In this mesmerized state I am profoundly surprised to see the bustling life that lays outside of the Castle. Much like the first gasp of air taken after a deep sea plunge, the same air that imprisoned me is now releasing me to life, and it is done to the sound of bicycle bells. I smile; reminded of my own turquoise eighties bike as a child.  Yes, Ferrara is not only capable of casting a heavy chill on you but also a warm smile with its friendly bicycles; and this great contrast is just one of the many faces of its charm.
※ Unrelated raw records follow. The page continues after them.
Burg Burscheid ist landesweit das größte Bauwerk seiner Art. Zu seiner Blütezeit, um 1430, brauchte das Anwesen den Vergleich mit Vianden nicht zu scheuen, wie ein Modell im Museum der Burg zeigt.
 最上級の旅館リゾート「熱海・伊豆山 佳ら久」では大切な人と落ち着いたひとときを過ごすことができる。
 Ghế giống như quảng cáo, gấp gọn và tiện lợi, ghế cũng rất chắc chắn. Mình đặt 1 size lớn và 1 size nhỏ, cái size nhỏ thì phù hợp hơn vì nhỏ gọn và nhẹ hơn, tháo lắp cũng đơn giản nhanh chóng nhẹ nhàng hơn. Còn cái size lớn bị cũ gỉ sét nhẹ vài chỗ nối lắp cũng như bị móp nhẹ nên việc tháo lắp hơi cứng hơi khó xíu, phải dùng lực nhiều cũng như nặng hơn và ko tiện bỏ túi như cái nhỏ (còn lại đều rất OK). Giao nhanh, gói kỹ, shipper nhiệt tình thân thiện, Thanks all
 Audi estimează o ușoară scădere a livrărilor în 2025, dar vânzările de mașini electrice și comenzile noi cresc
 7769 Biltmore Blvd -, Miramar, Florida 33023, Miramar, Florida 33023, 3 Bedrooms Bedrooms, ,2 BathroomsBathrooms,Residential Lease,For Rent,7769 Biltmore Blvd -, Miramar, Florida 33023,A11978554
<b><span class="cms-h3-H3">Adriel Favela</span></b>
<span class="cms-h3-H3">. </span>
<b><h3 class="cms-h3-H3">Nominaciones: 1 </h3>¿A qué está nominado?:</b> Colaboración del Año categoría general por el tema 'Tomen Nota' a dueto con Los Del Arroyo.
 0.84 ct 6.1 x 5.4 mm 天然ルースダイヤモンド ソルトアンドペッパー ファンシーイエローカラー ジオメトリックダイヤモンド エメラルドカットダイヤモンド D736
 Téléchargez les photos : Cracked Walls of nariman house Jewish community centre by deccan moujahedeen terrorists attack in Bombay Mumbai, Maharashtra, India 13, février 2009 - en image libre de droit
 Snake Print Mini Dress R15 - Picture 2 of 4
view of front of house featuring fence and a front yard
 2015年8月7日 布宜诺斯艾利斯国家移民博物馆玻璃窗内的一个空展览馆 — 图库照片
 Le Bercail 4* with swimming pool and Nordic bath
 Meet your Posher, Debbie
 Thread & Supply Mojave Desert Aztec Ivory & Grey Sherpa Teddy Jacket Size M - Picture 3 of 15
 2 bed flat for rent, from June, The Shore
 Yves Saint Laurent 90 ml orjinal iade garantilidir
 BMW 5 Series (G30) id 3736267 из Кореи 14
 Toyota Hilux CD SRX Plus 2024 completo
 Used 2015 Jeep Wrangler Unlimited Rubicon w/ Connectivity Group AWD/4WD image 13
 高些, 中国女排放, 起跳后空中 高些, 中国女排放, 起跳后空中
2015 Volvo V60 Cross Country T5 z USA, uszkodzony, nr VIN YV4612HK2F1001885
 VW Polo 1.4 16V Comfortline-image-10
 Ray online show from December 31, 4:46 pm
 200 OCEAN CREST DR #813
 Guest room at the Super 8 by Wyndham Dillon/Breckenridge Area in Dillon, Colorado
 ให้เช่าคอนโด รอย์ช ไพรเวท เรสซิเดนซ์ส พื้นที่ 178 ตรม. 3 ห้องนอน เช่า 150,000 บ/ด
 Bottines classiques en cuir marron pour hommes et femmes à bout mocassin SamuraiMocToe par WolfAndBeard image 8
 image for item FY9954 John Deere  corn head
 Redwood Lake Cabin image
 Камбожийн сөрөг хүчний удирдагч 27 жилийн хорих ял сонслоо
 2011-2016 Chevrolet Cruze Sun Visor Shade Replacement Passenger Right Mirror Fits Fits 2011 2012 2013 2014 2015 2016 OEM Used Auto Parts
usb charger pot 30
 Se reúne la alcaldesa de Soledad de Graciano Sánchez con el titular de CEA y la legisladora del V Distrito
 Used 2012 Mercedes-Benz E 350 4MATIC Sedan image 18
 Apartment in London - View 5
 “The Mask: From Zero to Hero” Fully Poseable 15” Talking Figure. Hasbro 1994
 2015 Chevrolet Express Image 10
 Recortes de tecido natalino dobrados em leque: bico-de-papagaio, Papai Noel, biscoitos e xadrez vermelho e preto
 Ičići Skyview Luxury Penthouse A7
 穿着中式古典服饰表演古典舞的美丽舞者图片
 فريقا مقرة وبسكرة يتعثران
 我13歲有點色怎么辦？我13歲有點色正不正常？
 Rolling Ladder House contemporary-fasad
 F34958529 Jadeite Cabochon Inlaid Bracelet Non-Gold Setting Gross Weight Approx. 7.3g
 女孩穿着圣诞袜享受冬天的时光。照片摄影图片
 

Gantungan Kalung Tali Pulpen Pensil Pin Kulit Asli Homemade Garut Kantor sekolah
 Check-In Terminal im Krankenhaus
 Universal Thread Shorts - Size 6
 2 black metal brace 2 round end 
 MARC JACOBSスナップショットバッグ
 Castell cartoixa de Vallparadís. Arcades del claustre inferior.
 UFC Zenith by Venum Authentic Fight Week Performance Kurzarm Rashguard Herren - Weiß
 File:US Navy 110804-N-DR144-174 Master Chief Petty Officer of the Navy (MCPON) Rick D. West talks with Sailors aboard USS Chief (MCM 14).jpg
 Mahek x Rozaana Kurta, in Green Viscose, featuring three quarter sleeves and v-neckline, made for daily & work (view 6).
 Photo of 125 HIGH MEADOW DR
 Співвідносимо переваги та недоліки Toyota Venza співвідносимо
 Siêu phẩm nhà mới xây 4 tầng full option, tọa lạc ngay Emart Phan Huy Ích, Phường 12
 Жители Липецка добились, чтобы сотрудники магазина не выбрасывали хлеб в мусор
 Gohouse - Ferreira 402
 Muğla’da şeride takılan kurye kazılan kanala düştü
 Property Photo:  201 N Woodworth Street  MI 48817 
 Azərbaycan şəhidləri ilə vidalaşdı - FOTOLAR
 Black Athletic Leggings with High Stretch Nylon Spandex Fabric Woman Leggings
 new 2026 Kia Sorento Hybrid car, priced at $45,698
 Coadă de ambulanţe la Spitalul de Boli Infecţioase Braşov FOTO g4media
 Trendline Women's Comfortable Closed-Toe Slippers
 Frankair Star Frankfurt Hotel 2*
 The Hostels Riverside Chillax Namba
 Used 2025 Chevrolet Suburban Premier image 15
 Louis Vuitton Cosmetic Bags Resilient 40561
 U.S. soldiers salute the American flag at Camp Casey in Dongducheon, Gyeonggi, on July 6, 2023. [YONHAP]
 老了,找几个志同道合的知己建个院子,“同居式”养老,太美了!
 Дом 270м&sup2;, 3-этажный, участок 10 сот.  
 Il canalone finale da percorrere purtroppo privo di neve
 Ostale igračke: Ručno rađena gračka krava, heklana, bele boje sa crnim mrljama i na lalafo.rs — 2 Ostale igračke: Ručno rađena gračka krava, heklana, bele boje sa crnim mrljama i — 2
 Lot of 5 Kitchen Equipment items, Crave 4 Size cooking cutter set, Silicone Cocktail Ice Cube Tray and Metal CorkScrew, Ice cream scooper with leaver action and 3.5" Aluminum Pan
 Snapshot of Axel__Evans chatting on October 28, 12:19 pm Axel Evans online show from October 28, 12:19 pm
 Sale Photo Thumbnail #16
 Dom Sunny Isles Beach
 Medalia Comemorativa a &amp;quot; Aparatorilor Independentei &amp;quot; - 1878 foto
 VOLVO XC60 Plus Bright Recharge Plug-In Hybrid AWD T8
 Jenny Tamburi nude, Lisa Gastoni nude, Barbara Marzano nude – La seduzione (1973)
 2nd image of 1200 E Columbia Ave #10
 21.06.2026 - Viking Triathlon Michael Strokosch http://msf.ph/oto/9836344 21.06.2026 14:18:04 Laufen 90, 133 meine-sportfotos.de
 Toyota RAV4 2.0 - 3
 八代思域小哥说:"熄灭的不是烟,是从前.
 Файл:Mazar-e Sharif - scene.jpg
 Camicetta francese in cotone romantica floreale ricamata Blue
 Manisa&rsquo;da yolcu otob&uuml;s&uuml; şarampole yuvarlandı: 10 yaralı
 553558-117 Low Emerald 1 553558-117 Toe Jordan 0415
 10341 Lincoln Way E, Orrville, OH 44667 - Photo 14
Tourists are welcomed to use this joy ride to get around the city, locals take them to get to work. On a typical Ferrarese day you can catch locals with their hot wheels, armed with a straw basket at the top filled with good old fashion Italian bread, groceries and of course “un po di vino” ( a little wine). In fact this is among Ferrara’s greatest appeals. Although unfortunately bed and breakfasts are a little pricy (starting at 60 Euros for a single bed!) the experience of Ferrara is well of course priceless but in more practical terms: cheap! Take a bike, tour the city! No need to spend money on car renting, Ferrara is beautifully “petite” and can be done also by foot. Food, much like the rest of Italy, is inexpensive and if you contempt yourself with a simple but tasty piadina romagnola (these are Italian pita bread sandwiches) you can pull off dinner for 8 Euros. What about your evenings? At night, Ferrara’s youth comes out to play in the simplest way possible: sitting around the Cathedral’s steps or at San Romano enjoying a little wine or gelato. They lay back, indulge in a laugh here and there and simply admire proudly their city unsuspecting to the fact that they just have completed Ferrara’s portrait, as they are just as beautiful.

Let yourself be spellbound by Ferrara, lose yourself in its streets among its people, and let the city bring you to a time where chivalry was just as vital as your morning coffee, and where love affairs, although a little dramatic I do admit; testify to the glory of Ferrara and to Love itself.